Activity – Could you restate the data word for word and drop the pictures?

[Excerpts from a dataset]

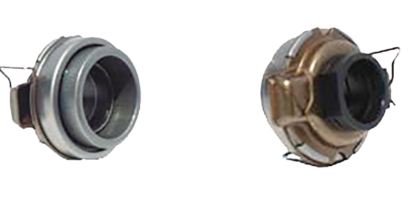 Collarin de Clutch Pick Up Luv 2.2 97-02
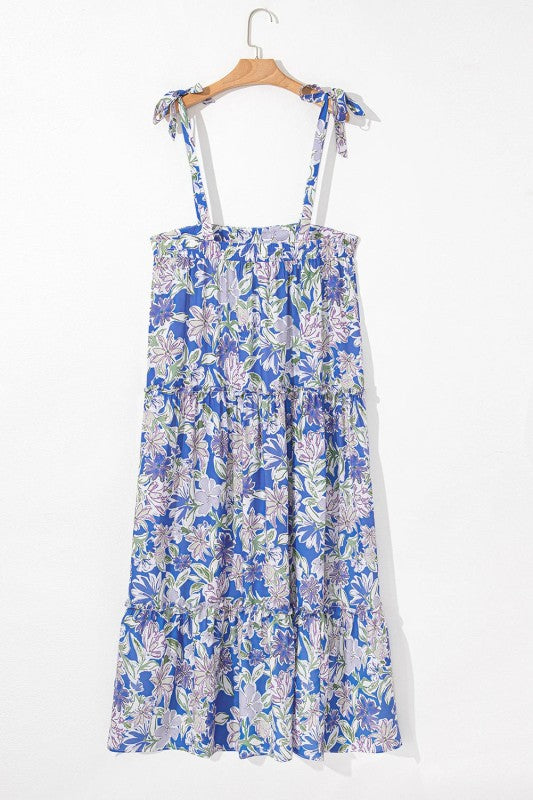 A beautiful product at my pampered life seattle.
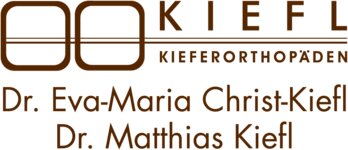 Logo von Christ-Kiefl Eva-Maria Dr., Kiefl Matthias Dr.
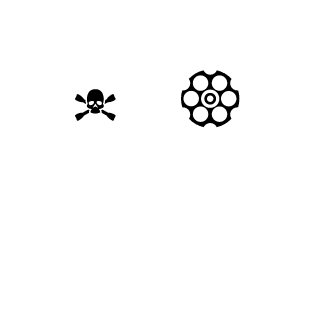 34rastaman's emblem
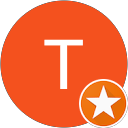 Terunori Okamoto profile picture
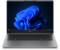 Миниатюра HP 200 G2a 14 inch Notebook PC Meteor silver DV0B7ET, фото 3
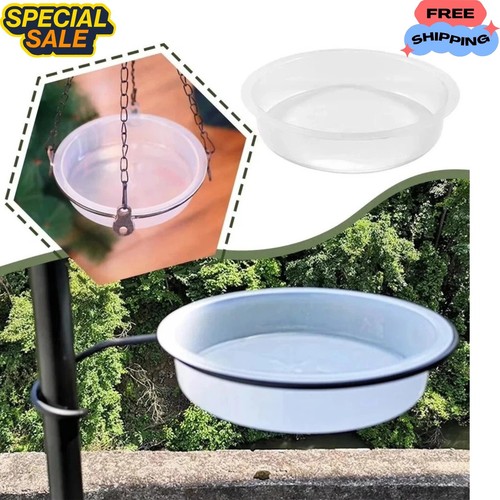 Replacement wild bird water - replacement,
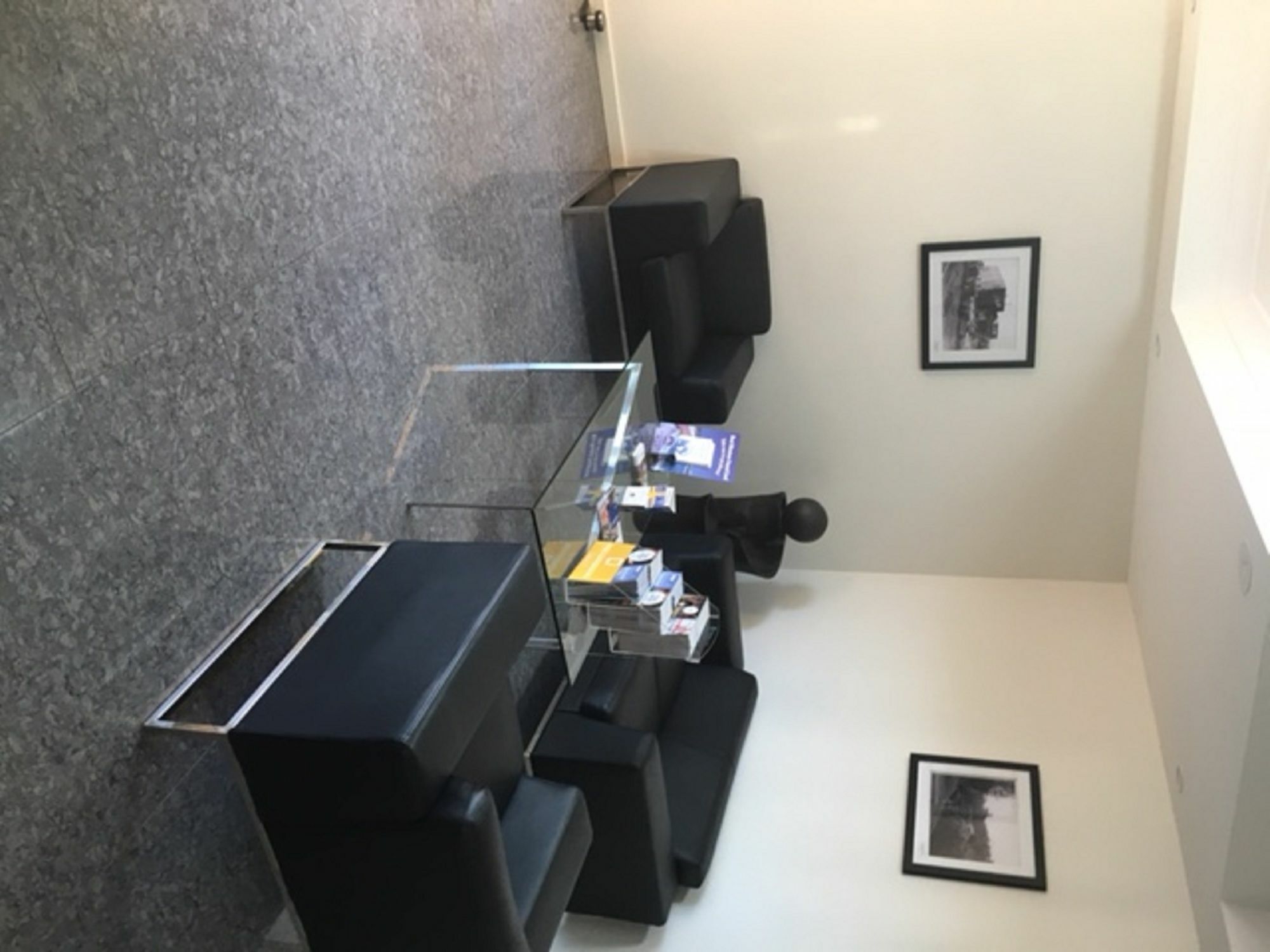Best Western Casula Motor Inn Luaran gambar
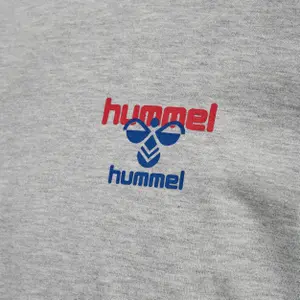 Camiseta Hummel IC Dayton image-2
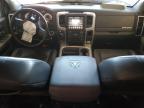 Lot #3304711921 2016 RAM 1500 SLT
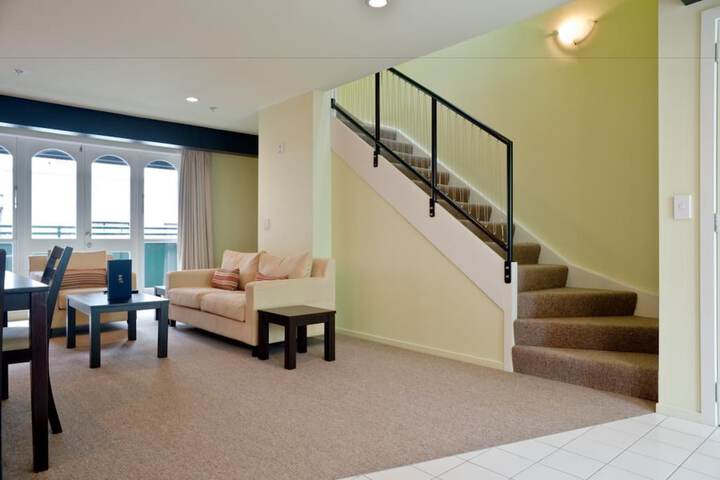 Room 3 of 21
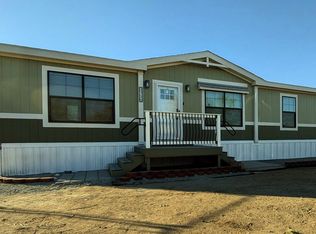 2716 Bryan Ct SW, Albuquerque, NM 87105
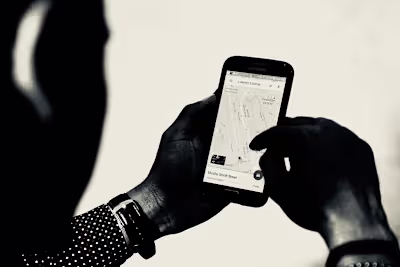 10 Usability Heuristics Every UX/UI Designer Should Know in 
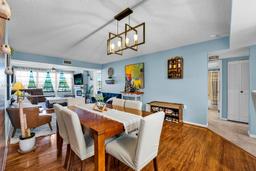 Picture of 6049 Balboa Cir # 302, Boca Raton, FL 33433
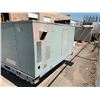 Image 4 : COMMERCIAL ROOFTOP AIR UNIT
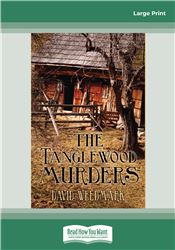 The Tanglewood Murders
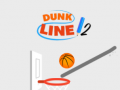 Spel Dunk Line 2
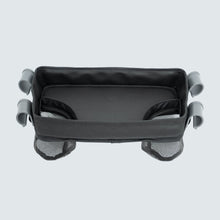 Load image into Gallery viewer, Familidoo Q1 Accessory Bundle
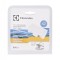 Set 2 cartuse anticalcar EDC 06 statie de calcat cu abur Electrolux EDBS3350 - 9001672774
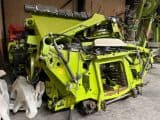 Claas Orbis 900 - Afbeelding 2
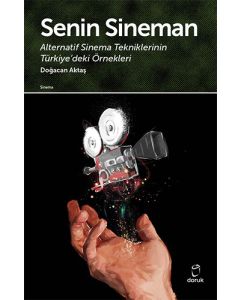 Senin Sineman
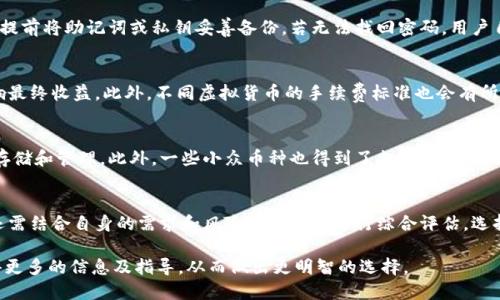 bibao小狐錢(qián)包正規嗎可靠嗎知乎/bibao
小狐錢(qián)包, 可靠性, 用戶(hù)評價(jià)/guanjianci

一、小狐錢(qián)包概述
小狐錢(qián)包是一款基于區塊鏈技術(shù)的數字錢(qián)包，旨在為用戶(hù)提供安全、便捷的虛擬貨幣管理服務(wù)。隨著(zhù)數字貨幣的普及，越來(lái)越多的用戶(hù)開(kāi)始關(guān)注如何安全地存儲和管理他們的數字資產(chǎn)。小狐錢(qián)包不僅允許用戶(hù)存儲多種加密貨幣，還提供了交易、轉賬等多種功能。

二、小狐錢(qián)包的主要功能
小狐錢(qián)包具備多種功能，包括支持多種加密貨幣的存儲、轉賬、交易等。用戶(hù)可以通過(guò)簡(jiǎn)單直觀(guān)的界面進(jìn)行操作，不需要具有深厚的專(zhuān)業(yè)知識。同時(shí)，小狐錢(qián)包還支持數字貨幣的實(shí)時(shí)行情查詢(xún)，幫助用戶(hù)把握市場(chǎng)動(dòng)態(tài)。此外，為保障用戶(hù)資產(chǎn)安全，小狐錢(qián)包還提供了多重安全機制，比如指紋識別、密碼保護等。

三、小狐錢(qián)包的安全性分析
作為用戶(hù)最關(guān)心的問(wèn)題之一，錢(qián)包的安全性能直接影響到賬戶(hù)內資產(chǎn)的安全。小狐錢(qián)包采用了業(yè)界領(lǐng)先的加密技術(shù)來(lái)保護用戶(hù)的私鑰和敏感信息。此外，小狐錢(qián)包的開(kāi)發(fā)團隊擁有豐富的區塊鏈技術(shù)經(jīng)驗，定期對錢(qián)包進(jìn)行安全審計和漏洞修復，以確保其安全性跟上數字貨幣發(fā)展的步伐。

四、用戶(hù)對小狐錢(qián)包的評價(jià)
用戶(hù)反饋是判斷一款應用是否值得信賴(lài)的關(guān)鍵因素之一。在知乎和其他社交平臺上，許多用戶(hù)分享了他們使用小狐錢(qián)包的心得。有的用戶(hù)高度評價(jià)了其簡(jiǎn)潔的用戶(hù)界面和快速的交易速度，而有的用戶(hù)則表示在使用過(guò)程中遇到了頻繁的bug?？傮w來(lái)看，用戶(hù)的反饋較為中肯，有助于新用戶(hù)做出選擇。

五、小狐錢(qián)包的注冊和使用流程
小狐錢(qián)包的注冊過(guò)程相對簡(jiǎn)單。在官網(wǎng)下載并安裝應用后，用戶(hù)只需提供郵箱、設置密碼并完成身份驗證即可。之后，用戶(hù)可以創(chuàng  )建一個(gè)新的錢(qián)包地址，開(kāi)始進(jìn)行虛擬貨幣的存儲和管理。小狐錢(qián)包還提供了詳細的使用指南，幫助新手用戶(hù)快速上手。使得即便是沒(méi)有經(jīng)驗的用戶(hù)也能夠輕松掌握。

六、常見(jiàn)問(wèn)題解答
h41. 小狐錢(qián)包是否安全？/h4
小狐錢(qián)包是否安全是很多用戶(hù)最關(guān)心的問(wèn)題。首先，用戶(hù)需要了解錢(qián)包的安全機制，包括采用的加密技術(shù)、私鑰管理方式等。小狐錢(qián)包的安全措施相對完善，且其團隊有著(zhù)良好的聲譽(yù)與經(jīng)驗。不過(guò)，用戶(hù)在選擇錢(qián)包時(shí)，除了考慮軟件本身的安全性，還需加強自身的安全意識，如選擇強密碼、開(kāi)啟雙重認證等。

h42. 如果忘記小狐錢(qián)包密碼，該如何找回？/h4
遺忘密碼是用戶(hù)在使用數字錢(qián)包時(shí)常見(jiàn)的問(wèn)題。小狐錢(qián)包通常會(huì )提供密碼找回、重置等功能，但也存在一定的風(fēng)險。用戶(hù)需要提前將助記詞或私鑰妥善備份。若無(wú)法找回密碼，用戶(hù)自行承擔失去訪(fǎng)問(wèn)權限的風(fēng)險，因此提前備份至關(guān)重要。

h43. 小狐錢(qián)包的使用費用有哪些？/h4
使用小狐錢(qián)包時(shí)，用戶(hù)需了解各種可能出現的費用，包括交易手續費、轉賬費等。在進(jìn)行數字貨幣交易時(shí)，這些費用可能會(huì )影響最終收益。此外，不同虛擬貨幣的手續費標準也會(huì )有所不同，用戶(hù)應提前查詢(xún)了解，以免在交易時(shí)產(chǎn)生不必要的損失。

h44. 小狐錢(qián)包支持哪些幣種？/h4
小狐錢(qián)包支持的幣種也是用戶(hù)決策的重要因素之一。通常，主流的數字資產(chǎn)如比特幣、以太坊等幾乎都能在小狐錢(qián)包上進(jìn)行存儲和管理。此外，一些小眾幣種也得到了支持，但具體支持的幣種會(huì )隨市場(chǎng)變化有所調整。用戶(hù)需要在使用前仔細確認，確保其持有的數字貨幣能被錢(qián)包所支持。

七、總結
總體來(lái)看，小狐錢(qián)包在數字資產(chǎn)管理領(lǐng)域提供了一定的便利性和安全保障，吸引了不少用戶(hù)。不過(guò)，作為用戶(hù)，在選擇錢(qián)包時(shí)還需結合自身的需求和風(fēng)險承受能力進(jìn)行綜合評估。選擇合適的數字錢(qián)包不僅能提高資產(chǎn)管理的效率，更能為用戶(hù)帶來(lái)安全保障。

通過(guò)以上內容，我們可以看出小狐錢(qián)包在市場(chǎng)上的表現和用戶(hù)的評價(jià)。希望那些對小狐錢(qián)包感興趣的用戶(hù)能夠通過(guò)本文獲得更多的信息及指導，從而做出更明智的選擇。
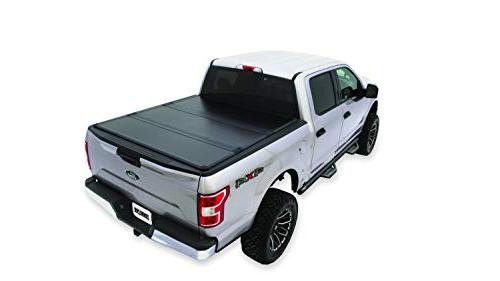 uf 250 black ultrafold hard panel tri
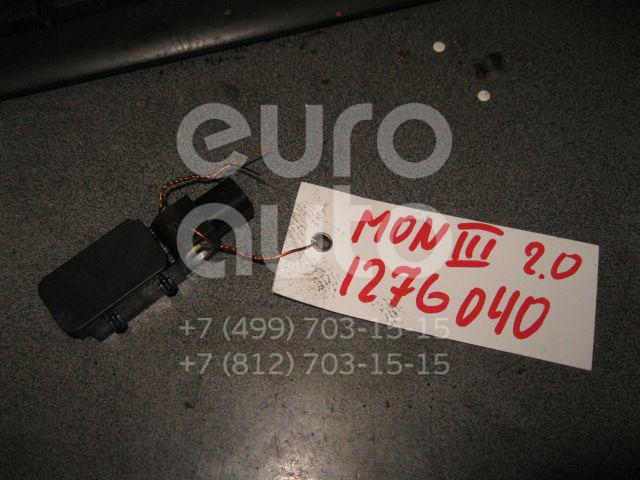 Датчик AIR BAG для Ford Mondeo III 2000-2007 - Фото №1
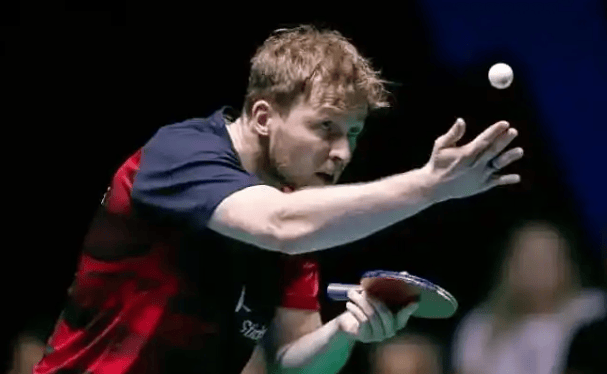 西甲激战 西甲激战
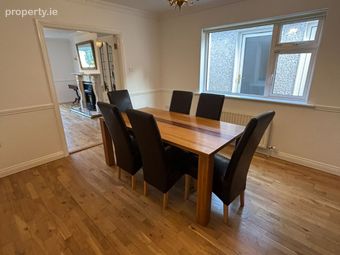 The Ovals, Rochestown Road, Rochestown, Co. Cork - Image 5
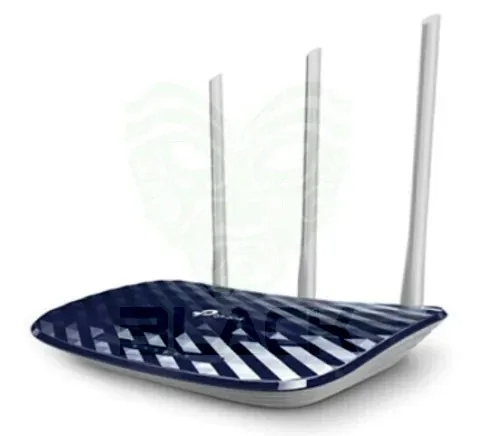 ACCESS POINT GLCFI WIFI5 AC1200 OUTDOOR IP65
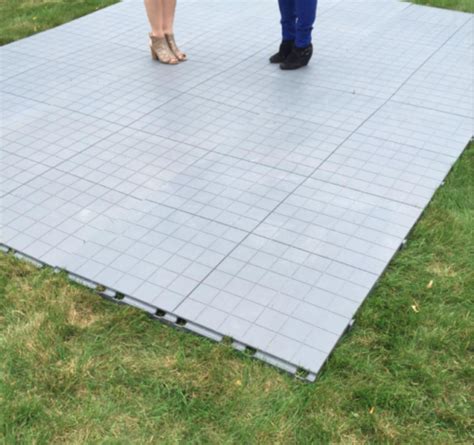 Vinyl Tent Flooring Aer Tent And Event Rentals Inc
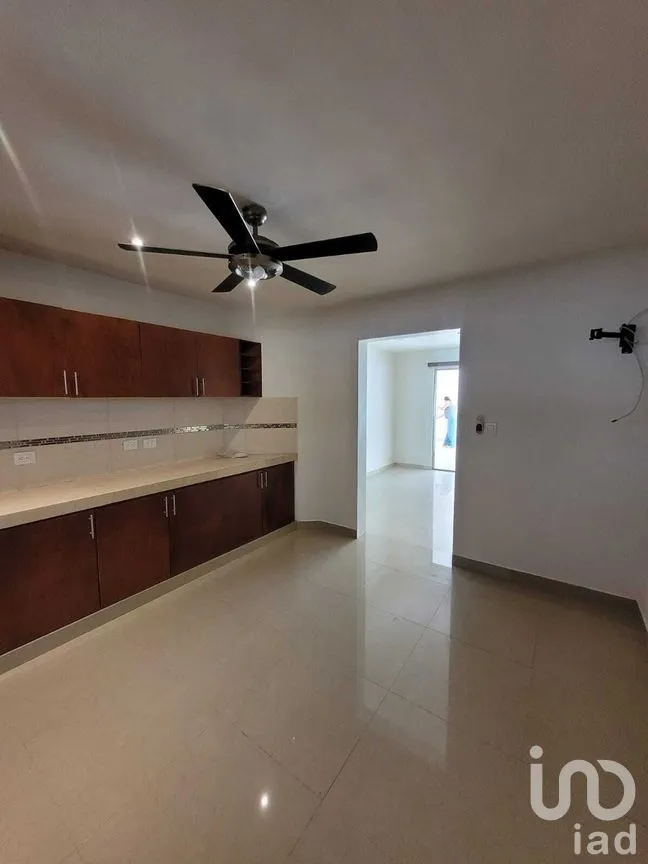 Casa en Venta en Los Pinos, Mérida, Yucatán | NEX-268383 | iad México | Foto 42 de 43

Response to the exercise –
 Collarin de Clutch Pick Up Luv 2.2 97-02
 A beautiful product at my pampered life seattle.
 Logo von Christ-Kiefl Eva-Maria Dr., Kiefl Matthias Dr.
 34rastaman's emblem
 Terunori Okamoto profile picture
 Миниатюра HP 200 G2a 14 inch Notebook PC Meteor silver DV0B7ET, фото 3
 Replacement wild bird water - replacement,
Best Western Casula Motor Inn Luaran gambar
 Camiseta Hummel IC Dayton image-2
 Lot #3304711921 2016 RAM 1500 SLT
 Room 3 of 21
 2716 Bryan Ct SW, Albuquerque, NM 87105
 10 Usability Heuristics Every UX/UI Designer Should Know in 
 Picture of 6049 Balboa Cir # 302, Boca Raton, FL 33433
 Image 4 : COMMERCIAL ROOFTOP AIR UNIT
 The Tanglewood Murders
 Spel Dunk Line 2
 Load image into Gallery viewer, Familidoo Q1 Accessory Bundle
 Set 2 cartuse anticalcar EDC 06 statie de calcat cu abur Electrolux EDBS3350 - 9001672774
 Claas Orbis 900 - Afbeelding 2
 Senin Sineman
 bibao小狐錢(qián)包正規嗎可靠嗎知乎/bibao
小狐錢(qián)包, 可靠性, 用戶(hù)評價(jià)/guanjianci

一、小狐錢(qián)包概述
小狐錢(qián)包是一款基于區塊鏈技術(shù)的數字錢(qián)包，旨在為用戶(hù)提供安全、便捷的虛擬貨幣管理服務(wù)。隨著(zhù)數字貨幣的普及，越來(lái)越多的用戶(hù)開(kāi)始關(guān)注如何安全地存儲和管理他們的數字資產(chǎn)。小狐錢(qián)包不僅允許用戶(hù)存儲多種加密貨幣，還提供了交易、轉賬等多種功能。

二、小狐錢(qián)包的主要功能
小狐錢(qián)包具備多種功能，包括支持多種加密貨幣的存儲、轉賬、交易等。用戶(hù)可以通過(guò)簡(jiǎn)單直觀(guān)的界面進(jìn)行操作，不需要具有深厚的專(zhuān)業(yè)知識。同時(shí)，小狐錢(qián)包還支持數字貨幣的實(shí)時(shí)行情查詢(xún)，幫助用戶(hù)把握市場(chǎng)動(dòng)態(tài)。此外，為保障用戶(hù)資產(chǎn)安全，小狐錢(qián)包還提供了多重安全機制，比如指紋識別、密碼保護等。

三、小狐錢(qián)包的安全性分析
作為用戶(hù)最關(guān)心的問(wèn)題之一，錢(qián)包的安全性能直接影響到賬戶(hù)內資產(chǎn)的安全。小狐錢(qián)包采用了業(yè)界領(lǐng)先的加密技術(shù)來(lái)保護用戶(hù)的私鑰和敏感信息。此外，小狐錢(qián)包的開(kāi)發(fā)團隊擁有豐富的區塊鏈技術(shù)經(jīng)驗，定期對錢(qián)包進(jìn)行安全審計和漏洞修復，以確保其安全性跟上數字貨幣發(fā)展的步伐。

四、用戶(hù)對小狐錢(qián)包的評價(jià)
用戶(hù)反饋是判斷一款應用是否值得信賴(lài)的關(guān)鍵因素之一。在知乎和其他社交平臺上，許多用戶(hù)分享了他們使用小狐錢(qián)包的心得。有的用戶(hù)高度評價(jià)了其簡(jiǎn)潔的用戶(hù)界面和快速的交易速度，而有的用戶(hù)則表示在使用過(guò)程中遇到了頻繁的bug?？傮w來(lái)看，用戶(hù)的反饋較為中肯，有助于新用戶(hù)做出選擇。

五、小狐錢(qián)包的注冊和使用流程
小狐錢(qián)包的注冊過(guò)程相對簡(jiǎn)單。在官網(wǎng)下載并安裝應用后，用戶(hù)只需提供郵箱、設置密碼并完成身份驗證即可。之后，用戶(hù)可以創(chuàng  )建一個(gè)新的錢(qián)包地址，開(kāi)始進(jìn)行虛擬貨幣的存儲和管理。小狐錢(qián)包還提供了詳細的使用指南，幫助新手用戶(hù)快速上手。使得即便是沒(méi)有經(jīng)驗的用戶(hù)也能夠輕松掌握。

六、常見(jiàn)問(wèn)題解答
h41. 小狐錢(qián)包是否安全？/h4
小狐錢(qián)包是否安全是很多用戶(hù)最關(guān)心的問(wèn)題。首先，用戶(hù)需要了解錢(qián)包的安全機制，包括采用的加密技術(shù)、私鑰管理方式等。小狐錢(qián)包的安全措施相對完善，且其團隊有著(zhù)良好的聲譽(yù)與經(jīng)驗。不過(guò)，用戶(hù)在選擇錢(qián)包時(shí)，除了考慮軟件本身的安全性，還需加強自身的安全意識，如選擇強密碼、開(kāi)啟雙重認證等。

h42. 如果忘記小狐錢(qián)包密碼，該如何找回？/h4
遺忘密碼是用戶(hù)在使用數字錢(qián)包時(shí)常見(jiàn)的問(wèn)題。小狐錢(qián)包通常會(huì )提供密碼找回、重置等功能，但也存在一定的風(fēng)險。用戶(hù)需要提前將助記詞或私鑰妥善備份。若無(wú)法找回密碼，用戶(hù)自行承擔失去訪(fǎng)問(wèn)權限的風(fēng)險，因此提前備份至關(guān)重要。

h43. 小狐錢(qián)包的使用費用有哪些？/h4
使用小狐錢(qián)包時(shí)，用戶(hù)需了解各種可能出現的費用，包括交易手續費、轉賬費等。在進(jìn)行數字貨幣交易時(shí)，這些費用可能會(huì )影響最終收益。此外，不同虛擬貨幣的手續費標準也會(huì )有所不同，用戶(hù)應提前查詢(xún)了解，以免在交易時(shí)產(chǎn)生不必要的損失。

h44. 小狐錢(qián)包支持哪些幣種？/h4
小狐錢(qián)包支持的幣種也是用戶(hù)決策的重要因素之一。通常，主流的數字資產(chǎn)如比特幣、以太坊等幾乎都能在小狐錢(qián)包上進(jìn)行存儲和管理。此外，一些小眾幣種也得到了支持，但具體支持的幣種會(huì )隨市場(chǎng)變化有所調整。用戶(hù)需要在使用前仔細確認，確保其持有的數字貨幣能被錢(qián)包所支持。

七、總結
總體來(lái)看，小狐錢(qián)包在數字資產(chǎn)管理領(lǐng)域提供了一定的便利性和安全保障，吸引了不少用戶(hù)。不過(guò)，作為用戶(hù)，在選擇錢(qián)包時(shí)還需結合自身的需求和風(fēng)險承受能力進(jìn)行綜合評估。選擇合適的數字錢(qián)包不僅能提高資產(chǎn)管理的效率，更能為用戶(hù)帶來(lái)安全保障。

通過(guò)以上內容，我們可以看出小狐錢(qián)包在市場(chǎng)上的表現和用戶(hù)的評價(jià)。希望那些對小狐錢(qián)包感興趣的用戶(hù)能夠通過(guò)本文獲得更多的信息及指導，從而做出更明智的選擇。
 uf 250 black ultrafold hard panel tri
 Датчик AIR BAG для Ford Mondeo III 2000-2007 - Фото №1
 西甲激战 西甲激战
 The Ovals, Rochestown Road, Rochestown, Co. Cork - Image 5
 ACCESS POINT GLCFI WIFI5 AC1200 OUTDOOR IP65
 Vinyl Tent Flooring Aer Tent And Event Rentals Inc
 Casa en Venta en Los Pinos, Mérida, Yucatán | NEX-268383 | iad México | Foto 42 de 43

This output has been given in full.